▸ WHAT IS REQUIRED
The answer must repeat every record exactly, with no pictures in it.

──────── RECORDS TO PROCESS ────────

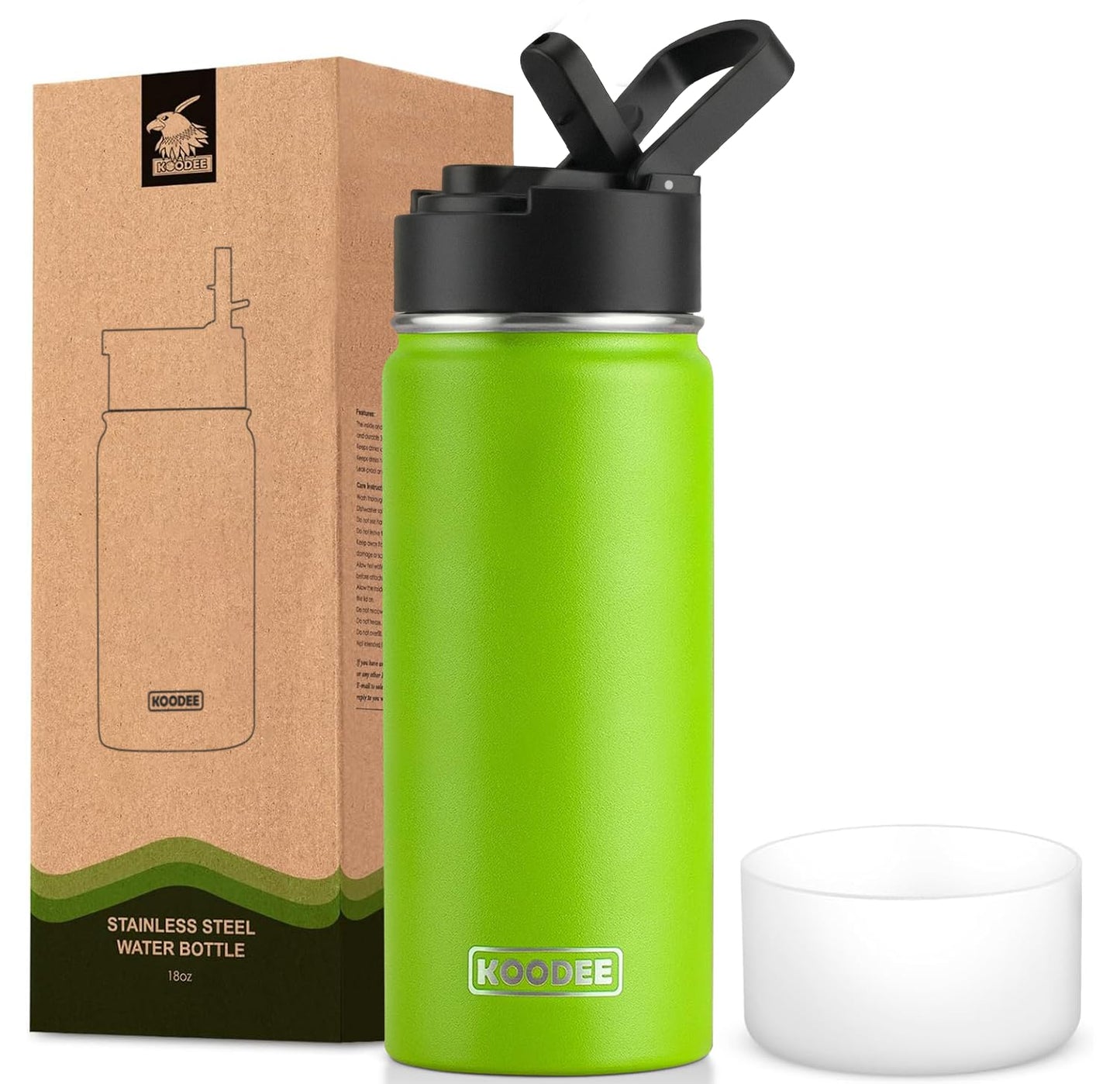 koodee Water Bottle-12 oz Stainless Steel Double Wall Vacuum Insulated Water Bottle for School-Wide Mouth Flask with Straw Lid (Teal) BST220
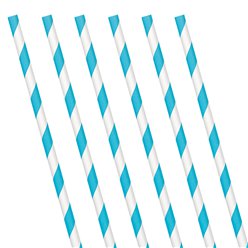 Turquoise Stripe Paper Straws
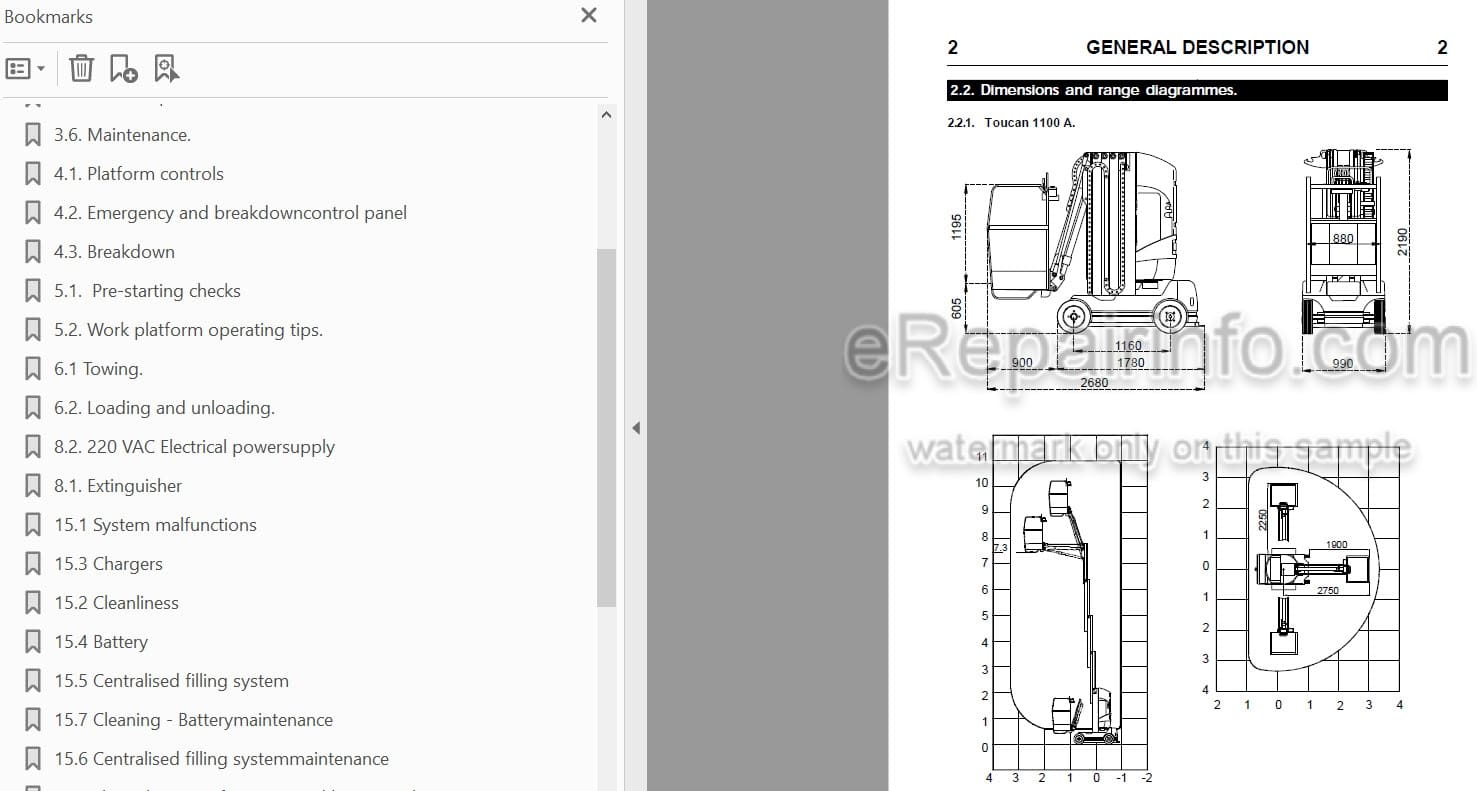Photo 4 - JLG Toucan T1100A T1100B T1100C Operation And Safety Manual Mast Boom Lift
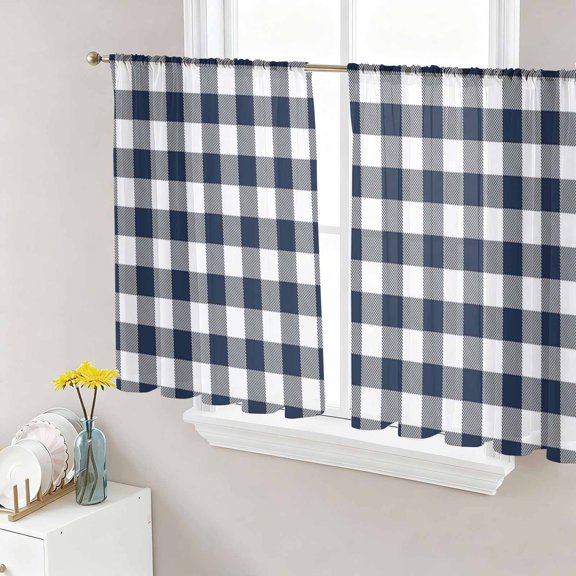 Sheer Curtain Panels Buffalo Plaid Dark Blue Check Voile Window Curtains Farmhouse Style Window Treatments Ligh Filtering Privacy Curtain Drapes for Bedroom Living Room 2 Panel Set 45 Inch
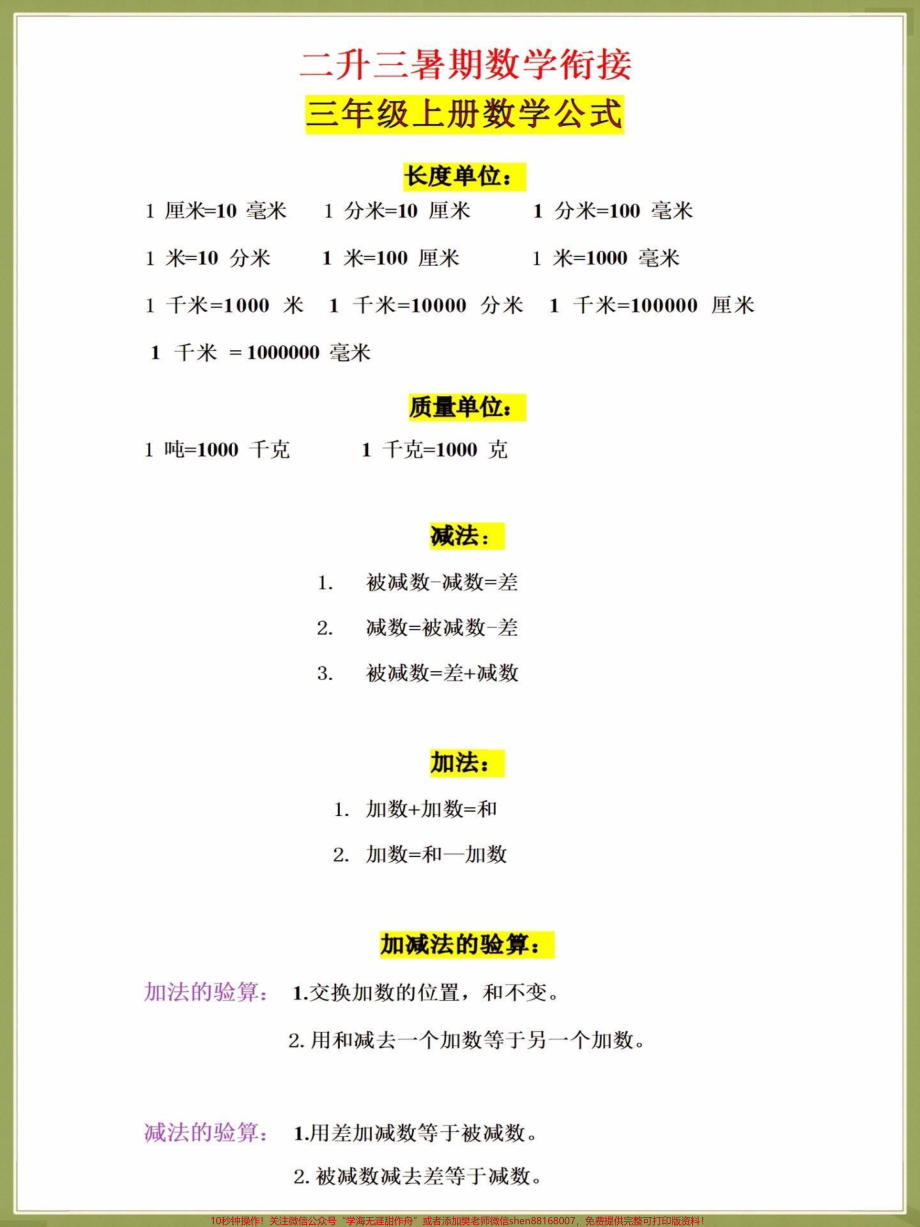 二升三暑假数学预习重点公式背诵汇总二升三暑假数学预习重点公式背诵汇总来啦这些内容都是数学老师要求背会背熟的建议趁着暑假打印出来给孩子提前背熟假期弯道超车#二升三 #暑假 #数学 #小学数学 #学霸秘籍.pdf_第2页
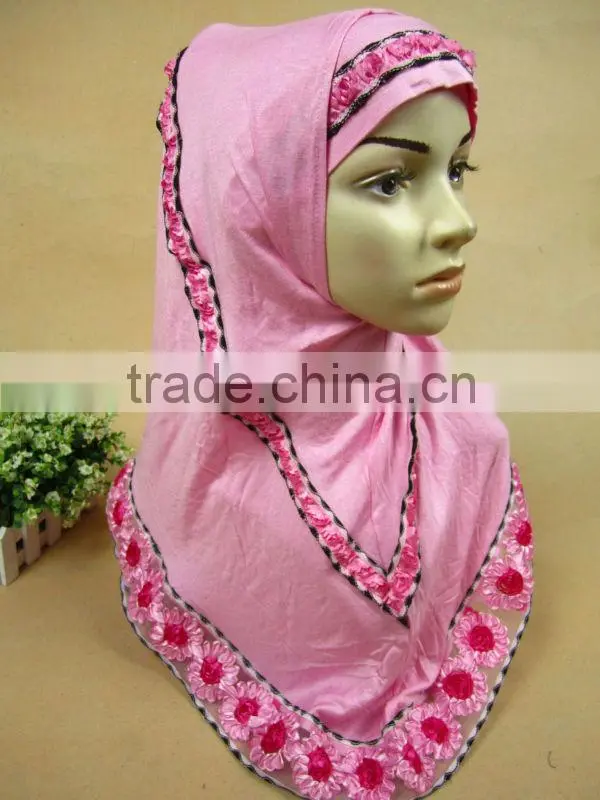 A515 Flower design 2 piece cotton Al- Amira hijabs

────────

▸ OUTPUT FOR THIS TASK
 koodee Water Bottle-12 oz Stainless Steel Double Wall Vacuum Insulated Water Bottle for School-Wide Mouth Flask with Straw Lid (Teal) BST220
 Turquoise Stripe Paper Straws
Photo 4 - JLG Toucan T1100A T1100B T1100C Operation And Safety Manual Mast Boom Lift
 Sheer Curtain Panels Buffalo Plaid Dark Blue Check Voile Window Curtains Farmhouse Style Window Treatments Ligh Filtering Privacy Curtain Drapes for Bedroom Living Room 2 Panel Set 45 Inch
 二升三暑假数学预习重点公式背诵汇总二升三暑假数学预习重点公式背诵汇总来啦这些内容都是数学老师要求背会背熟的建议趁着暑假打印出来给孩子提前背熟假期弯道超车#二升三 #暑假 #数学 #小学数学 #学霸秘籍.pdf_第2页
 A515 Flower design 2 piece cotton Al- Amira hijabs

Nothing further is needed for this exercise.